A Love Story
The brain tumour - a love story
I rode my bike for half an hour this morning. Previously, that is, pre surgery, a half hour bike ride would not have registered at all on Katrina’s radar, but today she was ecstatic because my current normal makes thirty minutes of intense exercise monumental. Katrina supervises me every time I get on the bike to make sure that after my rides, my legs don’t give way, meaning I end up on my backside with nowhere to go. When that has happened, it takes the same amount of energy and dexterity (if not more), for me to figure out how to get up again. It can be an uphill battle, but then again, hills are my thing.
It’s not all bad. I remind myself that riding a stationary bike hard for 30 minutes is good by almost any measure. I get daily head massages, which temporarily relieves the constant fog I’m in. And having my wife race upstairs to bring tissues down so that I can blow my perpetually running nose is gratifying if not memorable. I am reminded constantly, of the progress I am making, though it doesn’t feel like it. I am reminded I’m a walking miracle when what I want is normality, although the definition of what normal is is being continually redrafted. that I am still physically unstable, it requires hard work most of the time, to stay upright. I can’t just get up from sitting down, it requires thought, some considerable effort, and usually two or three attempts to raise myself.
I have gone from having my left arm being completely unusable to its being somewhat usable, I can move it, which is more that can be said about it a couple of months ago. I can hold a glass but I wouldn’t put money on my being able to prevent it from falling to the floor.
As for walking, it’s improving slowly but a 2 kilometre walk exhausts me, my left leg starts to tire to the point of physical embarrassment (my embarrassment, mind you). It was all I could do, this past weekend, to get home, after running an errand and buying milk. I was knackered.
But I am getting back to some sort of normality, wearing button up shirts (that I can do up myself), rather than the rehabilitation hospital uniform of track suit pants and t-shirt the start of it. I’m striving for independence, but I still need to depend on my wife for so much of the day to day – the things we normally take for granted. My offer to cook dinner the other night after Katrina’s long day at work was thwarted as I almost diced my finger, rather than the onion, my grip just not steady enough yet. I will get there.

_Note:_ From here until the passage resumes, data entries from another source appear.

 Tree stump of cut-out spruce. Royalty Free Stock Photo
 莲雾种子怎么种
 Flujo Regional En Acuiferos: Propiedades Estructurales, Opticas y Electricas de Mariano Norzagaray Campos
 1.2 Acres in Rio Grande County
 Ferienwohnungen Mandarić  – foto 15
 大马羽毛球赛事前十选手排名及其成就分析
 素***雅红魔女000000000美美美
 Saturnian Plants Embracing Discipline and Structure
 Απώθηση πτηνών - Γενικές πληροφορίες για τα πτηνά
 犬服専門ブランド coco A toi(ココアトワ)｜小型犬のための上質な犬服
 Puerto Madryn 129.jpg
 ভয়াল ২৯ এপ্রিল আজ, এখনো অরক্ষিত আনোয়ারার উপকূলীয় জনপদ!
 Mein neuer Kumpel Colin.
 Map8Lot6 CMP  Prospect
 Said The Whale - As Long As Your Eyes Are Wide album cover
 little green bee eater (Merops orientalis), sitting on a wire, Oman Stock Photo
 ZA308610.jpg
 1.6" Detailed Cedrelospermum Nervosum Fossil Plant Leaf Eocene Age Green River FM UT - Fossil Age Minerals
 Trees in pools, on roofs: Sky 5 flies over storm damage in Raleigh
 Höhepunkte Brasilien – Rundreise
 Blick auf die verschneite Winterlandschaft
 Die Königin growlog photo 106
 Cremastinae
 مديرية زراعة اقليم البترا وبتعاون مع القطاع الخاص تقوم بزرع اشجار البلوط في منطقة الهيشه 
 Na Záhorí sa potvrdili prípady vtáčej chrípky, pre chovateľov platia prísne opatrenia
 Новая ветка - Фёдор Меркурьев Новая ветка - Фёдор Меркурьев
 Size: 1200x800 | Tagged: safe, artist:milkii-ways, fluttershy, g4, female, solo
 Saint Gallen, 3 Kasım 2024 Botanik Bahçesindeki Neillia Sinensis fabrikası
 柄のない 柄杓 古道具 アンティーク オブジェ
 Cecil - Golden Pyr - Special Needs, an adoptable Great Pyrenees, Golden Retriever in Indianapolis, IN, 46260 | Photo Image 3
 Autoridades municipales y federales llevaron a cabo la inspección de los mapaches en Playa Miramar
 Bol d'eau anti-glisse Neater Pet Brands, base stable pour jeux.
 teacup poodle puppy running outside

But with all that comes perspective and a certainty that for all I have been through, I have changed. Katrina said that, within days of my surgery, she could see that I had the twinkle back in my eye, that I am a gentler, more caring soul. I can attest to it. I see things differently, I am less judgmental, which is important to remember because we are all, to some degree, sitting, judging others. Not as much bothers me, I’m more bothered that Katrina has the workload she has, she has taken on everything.
Our dear friend Fleur called what Katrina and I are going through a love story. That it is. At the moment I have nothing to offer her but such is her love for me that, to her, it doesn’t matter. She watches my back at every turn. She makes sure that I’m well, she worries if I’m in pain. The whole thing is a love story alright.